Can someone describe why this kernel code deadlocks?

eatnow

If a group of threads have to run to completion before the next group begins, then there will be a deadlock, because the first group will never complete due to __syncthreads() not returning. __syncthreads() will not return because the other threads will never get to run.

kayvonf

Specifically, there is no preemption of CUDA threads. Once a CUDA thread is assigned an execution slot on the hardware, there is no mechanism to relinquish the slot until the thread terminates.

kkz

@smklein I think it's not necessarily that the code produces a logical deadlock, but that certain implementations will result in a deadlock (if the threads are not processed concurrently).

analysiser

I think the deadlock hazard here is if the first group of threads that parallel executed in kernel does not have the threadIdx.x smaller than two (which is weird to me), then all threads are waiting for the assignment of support array for threadIdx.x < 2 case, which will never happen unless this group of threads finished executing. That's why there is a dependency between threads in a block.

analysiser

But then I have a question about: even though the threads are divided to two groups to execute, isn't that for each of the group there would be at least a thread whose idx.x must be less than 2? Therefore there should not be a deadlock at all. I would feel if the if (threadidx.x < 2) is changed to (index < 2), there would be a potential deadlock due to thread dependencies...

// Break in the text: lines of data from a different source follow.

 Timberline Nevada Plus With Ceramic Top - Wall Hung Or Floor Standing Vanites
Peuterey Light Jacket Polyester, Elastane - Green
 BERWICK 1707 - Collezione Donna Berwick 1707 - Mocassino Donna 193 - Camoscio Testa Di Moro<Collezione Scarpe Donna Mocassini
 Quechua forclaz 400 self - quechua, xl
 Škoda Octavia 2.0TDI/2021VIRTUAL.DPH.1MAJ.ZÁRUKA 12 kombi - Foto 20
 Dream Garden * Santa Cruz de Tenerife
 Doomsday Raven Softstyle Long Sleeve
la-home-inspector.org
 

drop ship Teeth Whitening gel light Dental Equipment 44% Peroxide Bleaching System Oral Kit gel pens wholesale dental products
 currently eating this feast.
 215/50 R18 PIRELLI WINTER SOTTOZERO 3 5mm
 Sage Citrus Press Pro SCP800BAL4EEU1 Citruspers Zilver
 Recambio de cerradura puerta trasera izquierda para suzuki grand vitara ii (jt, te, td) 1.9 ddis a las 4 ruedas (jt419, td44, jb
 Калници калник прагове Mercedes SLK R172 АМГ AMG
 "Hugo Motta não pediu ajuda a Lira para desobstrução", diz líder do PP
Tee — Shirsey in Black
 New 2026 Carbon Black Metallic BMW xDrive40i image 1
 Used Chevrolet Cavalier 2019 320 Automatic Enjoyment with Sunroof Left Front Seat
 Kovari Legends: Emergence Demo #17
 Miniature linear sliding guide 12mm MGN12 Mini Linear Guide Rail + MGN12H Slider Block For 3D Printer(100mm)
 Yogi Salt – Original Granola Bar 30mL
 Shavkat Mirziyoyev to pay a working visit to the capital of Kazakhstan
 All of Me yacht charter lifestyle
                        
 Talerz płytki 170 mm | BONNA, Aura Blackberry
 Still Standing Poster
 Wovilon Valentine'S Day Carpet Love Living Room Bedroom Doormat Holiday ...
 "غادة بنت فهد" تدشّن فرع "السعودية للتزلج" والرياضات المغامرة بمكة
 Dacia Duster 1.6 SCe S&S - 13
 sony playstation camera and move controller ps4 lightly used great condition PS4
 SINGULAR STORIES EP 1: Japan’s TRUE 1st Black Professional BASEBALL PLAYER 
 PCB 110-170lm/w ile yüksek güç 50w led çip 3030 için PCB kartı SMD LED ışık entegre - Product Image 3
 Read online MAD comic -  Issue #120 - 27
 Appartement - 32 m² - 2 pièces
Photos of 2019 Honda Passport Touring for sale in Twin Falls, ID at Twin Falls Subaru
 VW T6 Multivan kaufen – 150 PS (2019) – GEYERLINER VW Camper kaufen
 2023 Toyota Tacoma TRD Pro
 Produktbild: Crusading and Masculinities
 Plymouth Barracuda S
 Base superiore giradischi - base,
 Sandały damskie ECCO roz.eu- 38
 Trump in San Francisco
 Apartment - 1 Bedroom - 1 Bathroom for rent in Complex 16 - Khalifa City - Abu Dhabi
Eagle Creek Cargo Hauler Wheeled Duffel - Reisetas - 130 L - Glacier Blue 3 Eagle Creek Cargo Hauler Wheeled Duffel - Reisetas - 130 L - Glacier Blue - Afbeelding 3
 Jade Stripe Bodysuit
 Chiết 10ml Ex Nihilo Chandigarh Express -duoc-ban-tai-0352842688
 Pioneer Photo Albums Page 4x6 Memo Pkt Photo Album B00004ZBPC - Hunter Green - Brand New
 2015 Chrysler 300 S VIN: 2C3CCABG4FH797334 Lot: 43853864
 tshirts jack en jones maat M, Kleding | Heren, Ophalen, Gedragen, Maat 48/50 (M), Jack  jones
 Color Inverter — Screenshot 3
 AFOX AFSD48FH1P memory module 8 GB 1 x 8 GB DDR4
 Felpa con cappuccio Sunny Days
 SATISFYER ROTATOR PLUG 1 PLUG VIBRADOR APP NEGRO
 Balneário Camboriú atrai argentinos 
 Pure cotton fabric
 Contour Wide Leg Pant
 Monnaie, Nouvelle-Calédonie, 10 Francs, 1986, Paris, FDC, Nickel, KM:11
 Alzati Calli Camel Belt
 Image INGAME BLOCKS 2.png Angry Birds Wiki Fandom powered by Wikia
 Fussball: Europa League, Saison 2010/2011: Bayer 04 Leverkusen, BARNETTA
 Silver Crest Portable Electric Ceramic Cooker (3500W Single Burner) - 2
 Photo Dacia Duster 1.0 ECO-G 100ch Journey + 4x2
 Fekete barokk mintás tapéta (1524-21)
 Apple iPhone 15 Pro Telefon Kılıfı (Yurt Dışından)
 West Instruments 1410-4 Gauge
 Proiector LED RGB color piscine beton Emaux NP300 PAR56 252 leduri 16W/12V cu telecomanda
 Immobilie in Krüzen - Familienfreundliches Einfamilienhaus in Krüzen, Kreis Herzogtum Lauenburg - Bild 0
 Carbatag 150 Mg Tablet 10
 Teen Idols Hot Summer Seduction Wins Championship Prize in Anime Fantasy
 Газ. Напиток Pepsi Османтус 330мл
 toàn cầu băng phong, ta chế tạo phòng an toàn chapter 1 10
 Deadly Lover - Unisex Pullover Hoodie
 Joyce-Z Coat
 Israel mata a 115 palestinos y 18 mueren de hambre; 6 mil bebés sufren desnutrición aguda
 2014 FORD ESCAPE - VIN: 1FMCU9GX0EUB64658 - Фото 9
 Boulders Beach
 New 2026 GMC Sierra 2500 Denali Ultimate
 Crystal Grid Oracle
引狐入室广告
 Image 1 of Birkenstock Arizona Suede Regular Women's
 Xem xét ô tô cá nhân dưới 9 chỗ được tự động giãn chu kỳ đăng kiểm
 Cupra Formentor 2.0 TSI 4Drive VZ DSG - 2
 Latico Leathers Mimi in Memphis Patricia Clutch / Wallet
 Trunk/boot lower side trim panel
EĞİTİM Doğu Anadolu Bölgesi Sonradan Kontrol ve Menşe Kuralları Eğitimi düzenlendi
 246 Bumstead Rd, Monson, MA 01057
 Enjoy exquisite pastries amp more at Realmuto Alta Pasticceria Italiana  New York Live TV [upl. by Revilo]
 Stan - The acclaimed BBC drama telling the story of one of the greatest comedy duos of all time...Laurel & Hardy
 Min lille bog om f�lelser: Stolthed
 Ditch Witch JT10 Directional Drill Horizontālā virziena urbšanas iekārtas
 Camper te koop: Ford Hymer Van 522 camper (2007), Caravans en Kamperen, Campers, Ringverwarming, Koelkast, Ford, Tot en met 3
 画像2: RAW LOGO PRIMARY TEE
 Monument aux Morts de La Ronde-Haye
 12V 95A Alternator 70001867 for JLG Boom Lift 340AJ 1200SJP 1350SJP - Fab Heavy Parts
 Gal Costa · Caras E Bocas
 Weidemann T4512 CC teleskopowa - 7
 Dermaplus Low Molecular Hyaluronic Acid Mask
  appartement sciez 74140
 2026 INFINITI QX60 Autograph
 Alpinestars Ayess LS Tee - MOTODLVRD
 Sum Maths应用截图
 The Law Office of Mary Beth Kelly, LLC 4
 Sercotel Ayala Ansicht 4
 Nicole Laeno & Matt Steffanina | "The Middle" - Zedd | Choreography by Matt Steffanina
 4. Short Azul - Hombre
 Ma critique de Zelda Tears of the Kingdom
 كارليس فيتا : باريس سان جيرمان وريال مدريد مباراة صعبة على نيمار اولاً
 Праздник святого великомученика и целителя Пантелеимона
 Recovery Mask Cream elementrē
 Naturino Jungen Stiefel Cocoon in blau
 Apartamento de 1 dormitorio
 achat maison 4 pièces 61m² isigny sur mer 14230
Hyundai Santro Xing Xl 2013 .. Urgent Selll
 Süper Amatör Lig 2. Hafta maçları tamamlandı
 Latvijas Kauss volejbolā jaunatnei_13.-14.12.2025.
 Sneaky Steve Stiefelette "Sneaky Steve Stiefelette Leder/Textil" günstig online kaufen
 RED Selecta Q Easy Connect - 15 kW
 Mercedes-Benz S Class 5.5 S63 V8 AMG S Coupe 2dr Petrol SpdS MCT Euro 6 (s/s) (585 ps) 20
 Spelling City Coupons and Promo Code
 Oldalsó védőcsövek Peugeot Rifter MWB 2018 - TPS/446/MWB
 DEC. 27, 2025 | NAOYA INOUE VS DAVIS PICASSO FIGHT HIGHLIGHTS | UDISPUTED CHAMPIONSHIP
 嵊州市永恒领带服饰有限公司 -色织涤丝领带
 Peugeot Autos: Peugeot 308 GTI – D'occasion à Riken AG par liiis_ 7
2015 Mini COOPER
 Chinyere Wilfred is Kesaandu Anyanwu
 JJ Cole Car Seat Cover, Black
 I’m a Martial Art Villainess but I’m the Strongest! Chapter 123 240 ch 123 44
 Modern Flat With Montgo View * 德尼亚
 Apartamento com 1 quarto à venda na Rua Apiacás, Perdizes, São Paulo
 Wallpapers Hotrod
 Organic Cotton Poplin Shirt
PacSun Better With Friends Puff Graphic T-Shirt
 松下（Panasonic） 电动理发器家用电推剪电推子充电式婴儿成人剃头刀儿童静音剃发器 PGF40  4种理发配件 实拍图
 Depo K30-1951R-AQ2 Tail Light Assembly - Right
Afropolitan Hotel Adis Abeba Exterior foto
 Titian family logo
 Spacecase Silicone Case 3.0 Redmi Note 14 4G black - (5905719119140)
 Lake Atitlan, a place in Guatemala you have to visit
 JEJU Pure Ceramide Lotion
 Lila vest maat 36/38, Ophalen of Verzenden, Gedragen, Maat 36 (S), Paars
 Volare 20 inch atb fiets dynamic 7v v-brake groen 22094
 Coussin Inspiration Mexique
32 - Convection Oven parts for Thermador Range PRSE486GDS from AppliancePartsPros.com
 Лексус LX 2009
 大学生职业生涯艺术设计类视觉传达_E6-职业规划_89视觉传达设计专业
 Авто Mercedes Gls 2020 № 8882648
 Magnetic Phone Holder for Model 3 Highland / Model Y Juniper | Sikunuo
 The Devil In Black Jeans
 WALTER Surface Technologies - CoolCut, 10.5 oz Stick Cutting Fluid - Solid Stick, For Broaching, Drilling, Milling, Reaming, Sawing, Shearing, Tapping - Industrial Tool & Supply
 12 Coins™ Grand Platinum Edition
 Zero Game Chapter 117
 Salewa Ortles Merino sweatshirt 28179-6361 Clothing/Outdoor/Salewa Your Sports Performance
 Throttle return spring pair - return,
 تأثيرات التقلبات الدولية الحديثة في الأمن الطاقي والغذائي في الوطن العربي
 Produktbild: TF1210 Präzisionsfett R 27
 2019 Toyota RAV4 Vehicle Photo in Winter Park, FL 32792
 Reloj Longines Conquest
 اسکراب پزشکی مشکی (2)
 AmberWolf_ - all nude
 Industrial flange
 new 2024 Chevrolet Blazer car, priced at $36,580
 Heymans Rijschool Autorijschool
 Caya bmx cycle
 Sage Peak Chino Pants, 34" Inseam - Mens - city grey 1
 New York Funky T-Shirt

Even, I am not too clear as to why the above code would deadlock. This is because the only assignments happening before the __syncthreads() are using the input array which is never modified by any other thread block so I am not able to exactly figure out why there would be a dependency leading to a deadlock.
I don't think this code deadlocks - the code here illustrates the case where there is no deadlock because __syncthreads() is between threads in the same block, and all the threads in a block run concurrently. So, each thread in the block has the opportunity to run and reach the barrier.